Este es el tipo de argumentos que enardece a los blancos de clase trabajadora que votaron a Trump: no solo se les niega las ayudas (cuotas, becas…) que reciben otros grupos, sino que se les tacha de racistas si protestan. Al final, tienen la sensación de que las minorías beneficiadas de esa forma se han colado en la fila del sueño americano que ellos llevaban tiempo haciendo, como explicó la socióloga de las emociones Arlie Hochschild. Y el resultado no puede ser otro que el resentimiento y el victimismo identitarios, que tanto explotó Trump.

¿Una política obsoleta?

Este es el debate “prohibido” que ahora quiere tener The New York Times a raíz de dos casos pendientes ante el Tribunal Supremo: uno contra la Universidad de Harvard y otro contra la Universidad de Carolina del Norte. Spencer Bokat-Lindell resume en un valioso artículo las posiciones de algunos de sus colegas del Times y de otros medios. Básicamente, cabe distinguir tres posturas:

— La de quienes se oponen por principio a la discriminación positiva. Uno de los argumentos que emplean es que toda medida de trato de favor por motivos raciales a un grupo supone un agravio comparativo al resto: ¿por qué dar preferencia a un estudiante negro o latino en vez de a un asiático?

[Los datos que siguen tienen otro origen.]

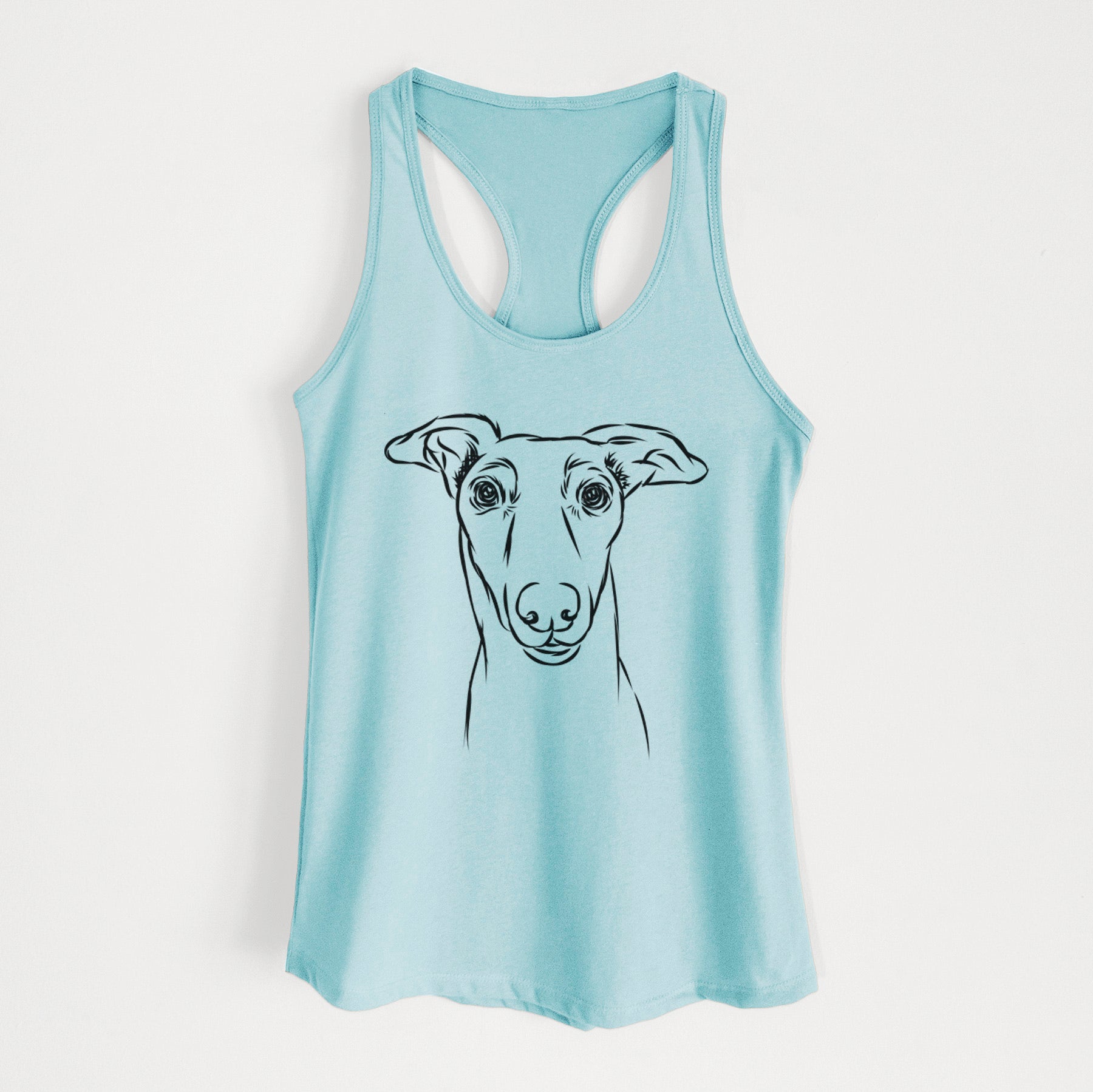 Diva the Greyhound - Women's Racerback Tanktop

— La de quienes simpatizan con la justificación inicial de esta política, pero creen que ahora ha perdido sentido. Un dato citado en el artículo: el 71% de los negros, latinos y nativos americanos que estudian en Harvard vienen de hogares que superan la media nacional de ingresos y que cuentan con un buen nivel educativo.

— La de quienes sostienen que la discriminación positiva sigue siendo necesaria para corregir y para compensar las injusticias del pasado y sus efectos secundarios, que siguen privando de oportunidades en el presente. Además, está la justificación que admitió el Tribunal Supremo estadounidense en 1978: las universidades tienen un interés legítimo en garantizar la diversidad entre sus alumnos.

Este es el fundamento más discutido hoy, explica Bokat-Lindell. Y las recientes vistas orales ante el Supremo en los dos casos sugieren que esta política podría haberse vuelto obsoleta. Es lo que se desprende de las intervenciones de los magistrados conservadores. Pero, como recuerda el periodista del Times, ya la progresista Sandra Day O’Connor predijo en otro caso de 2003 que la discriminación positiva podría perder su sentido de ahí a 25 años.

En cualquier caso, los datos de 2019 del Pew Research Center muestran que la discriminación positiva no es una política popular en la actualidad: casi tres cuartas partes de los adultos estadounidenses –incluida la mayoría de negros, latinos y asiáticos encuestados– consideran que la raza o el origen étnico no deberían ser factores que cuenten en la admisión a las universidades.

Los resultados de las elecciones del 8 de noviembre permitirán hacerse una idea de si el Partido Demócrata querrá (o podrá) seguir metiéndose en estas batallas.